Le lien intime avec sa création est visible dans l’une des phrases les plus célèbres et les plus fortes de sa correspondance, où Feuille, de Niggle sert de point de référence. Tolkien écrit à son fils Christopher : « Je pense que Celebrimbor t’émeut parce qu’il véhicule immédiatement la sensation qu’existent à l’infini des histoires à raconter : des montagnes vues au loin, que l’on n’escaladera jamais, des arbres lointains (comme celui de Niggle) dont on ne s’approchera jamais – ou qui ne seront plus que des “arbres proches”, si on le fait (sauf dans le Paradis ou dans la Paroisse de N[iggle]) ».

Il faut toutefois être prudent, la transposition symbolique apparaissant incomplète, faussée, si on veut l’appliquer à celui qui est également l’auteur du « Silmarillion » ; car ce dernier, contrairement à l’Arbre de Niggle, n’a jamais été achevé.

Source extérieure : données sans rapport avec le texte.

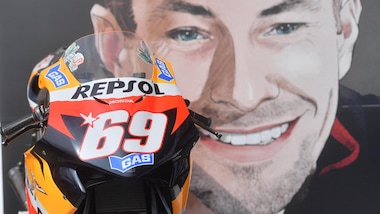 MotoGp, Rossi regala casco alla famiglia di Hayden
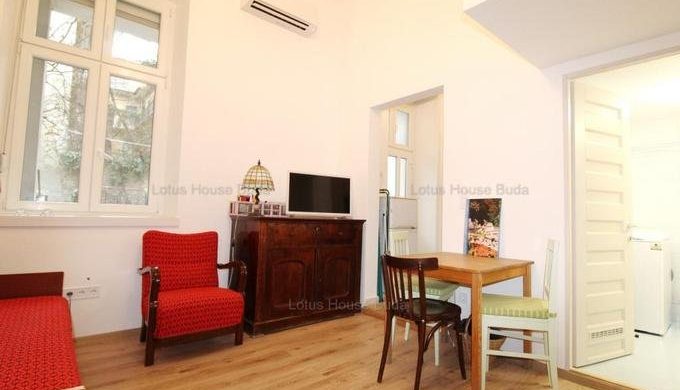 Modern felújítás, néhány régi bútor: az ellentétek izgalmas találkozása egy apró, budai lakásban!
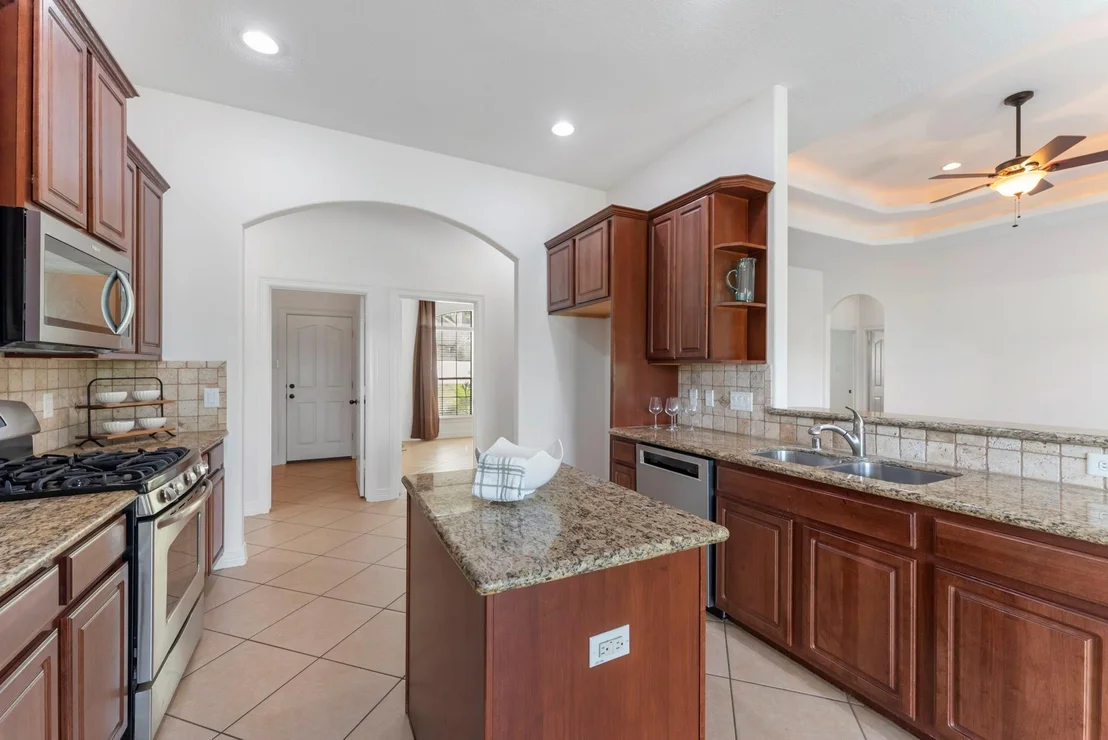 Photo of 1719 Summergate Drive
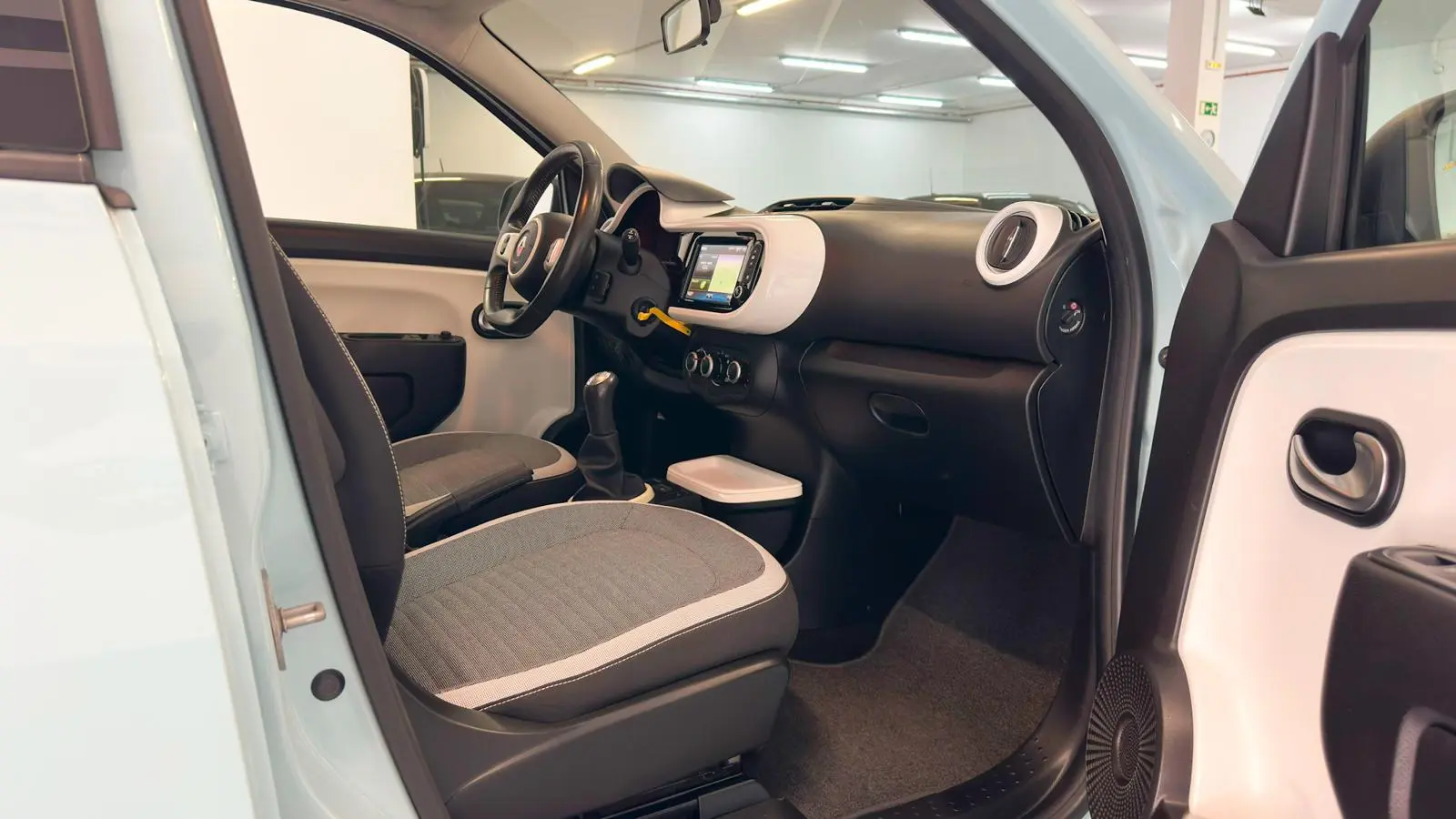 Renault Twingo 1.0 SCe Limited 11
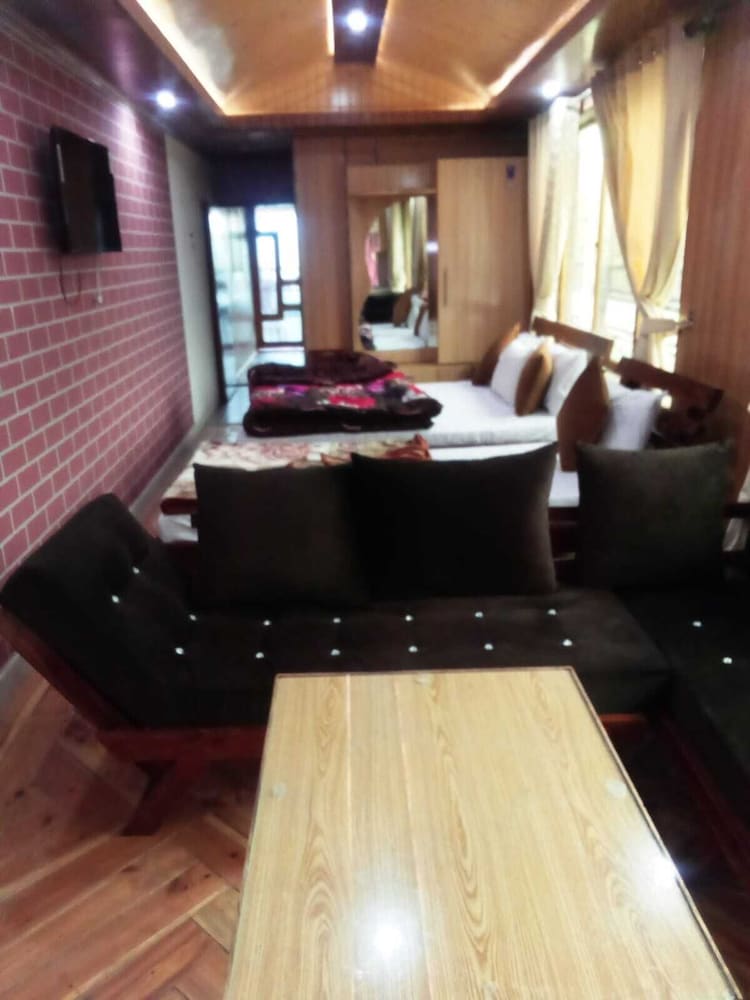 New Kotwal Hotel & Restaurant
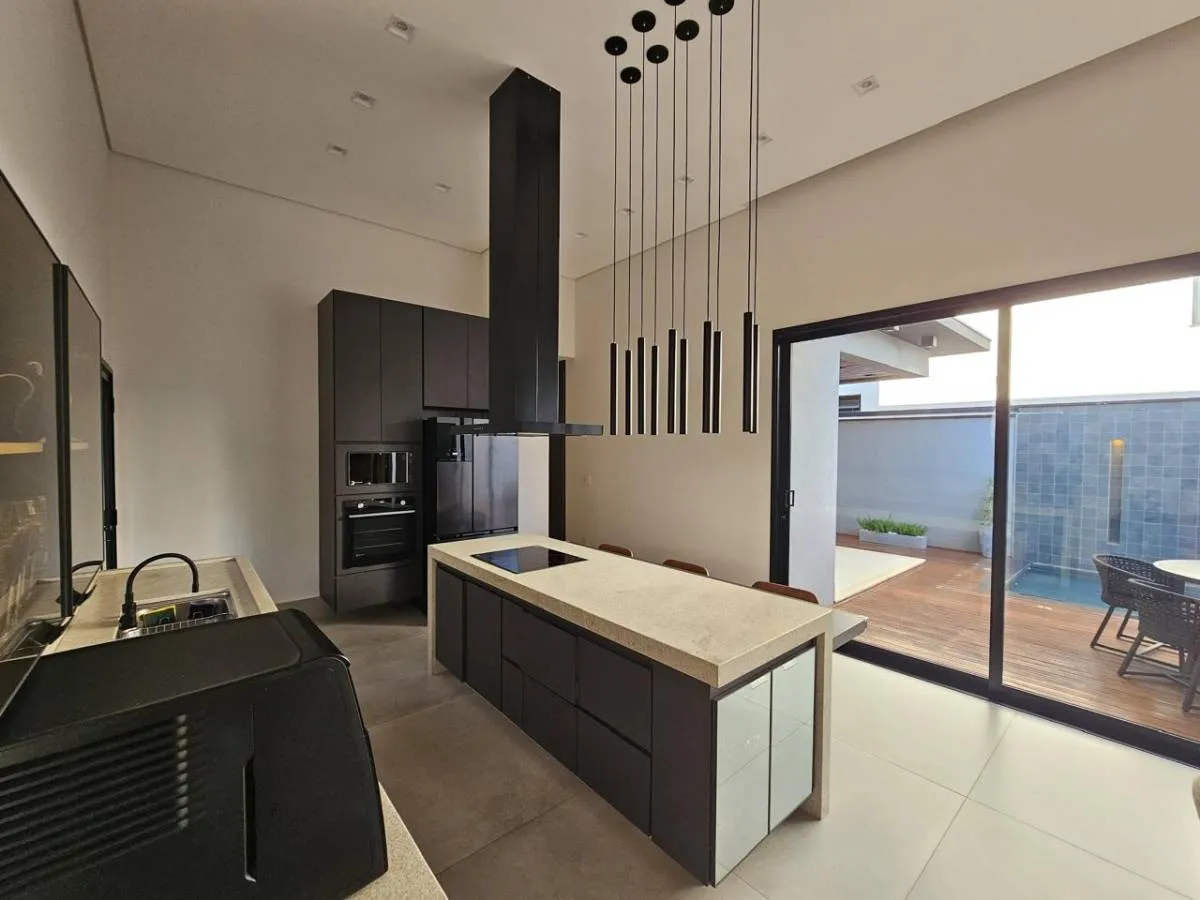 Imagem Casa à venda em Franca, Núcleo Agrícola Alpha, com 3 quartos, 220m2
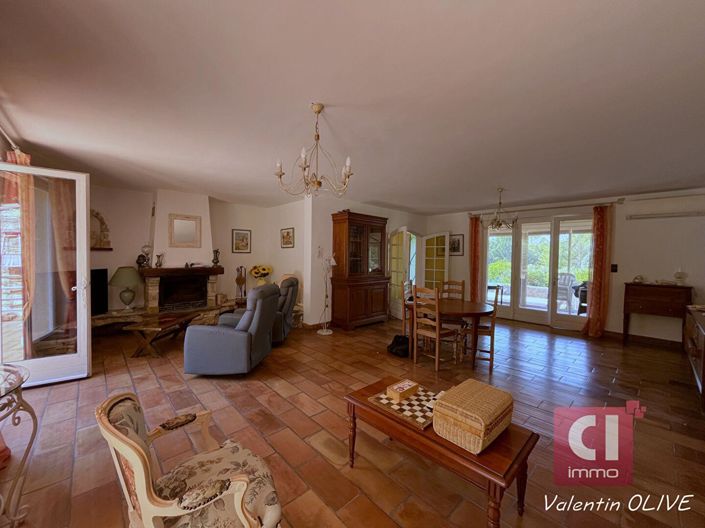 Image No.4-3 Bed House for sale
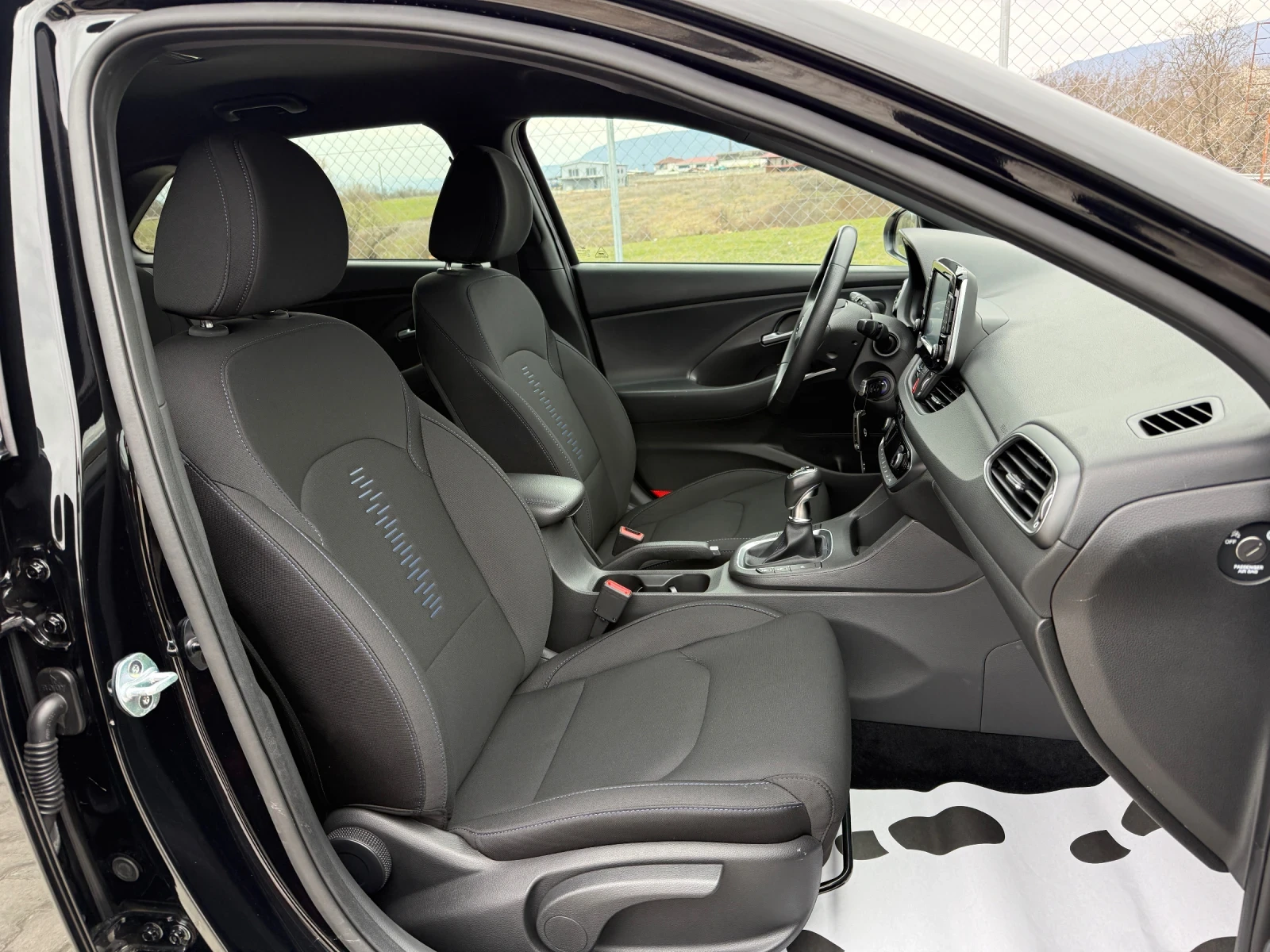 Hyundai I30 1.4 T-GDI NAVI CAMERA, снимка 13 - Автомобили и джипове - 53892869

Ce qui rend encore plus poignant le ravissement éprouvé par Niggle devant son œuvre terminée, achevée sans qu’il ait lui-même mis le point final :

Devant lui se dressait l’Arbre, son Arbre, achevé. Si l’on pouvait dire cela d’un Arbre vivant, dont les feuilles s’ouvraient, dont les branches croissantes se courbaient dans le vent que Niggle avait si souvent senti ou deviné et qu’il avait si souvent échoué à rendre. Contemplant l’Arbre, il leva les bras et les ouvrit tout grand.

« C’est un don ! » dit-il.

S’ouvre alors pour Niggle un nouvel épisode, plus apaisé, marqué par l’harmonie avec ses semblables, dans un décor somptueux, aux marges de la Forêt, à distance des Montagnes. En témoigne sa collaboration fructueuse avec Parish : ensemble, ils réussissent à achever l’œuvre de Niggle, et le nouveau voyage qu’ils entreprennent ensemble, librement, n’a plus rien à voir avec le premier. Symboliquement, le récit se clôt sur le rire commun de Parish et Niggle.

On le voit, ce récit énigmatique et fascinant n’est pas coupé du reste de l’œuvre, malgré ses particularités : à lui tout seul, il symbolise l’effort de création d’un Legendarium, le travail de subcréation opéré par l’écrivain à partir du Monde Primaire et qui a donné naissance, chez Tolkien, à la Terre du Milieu.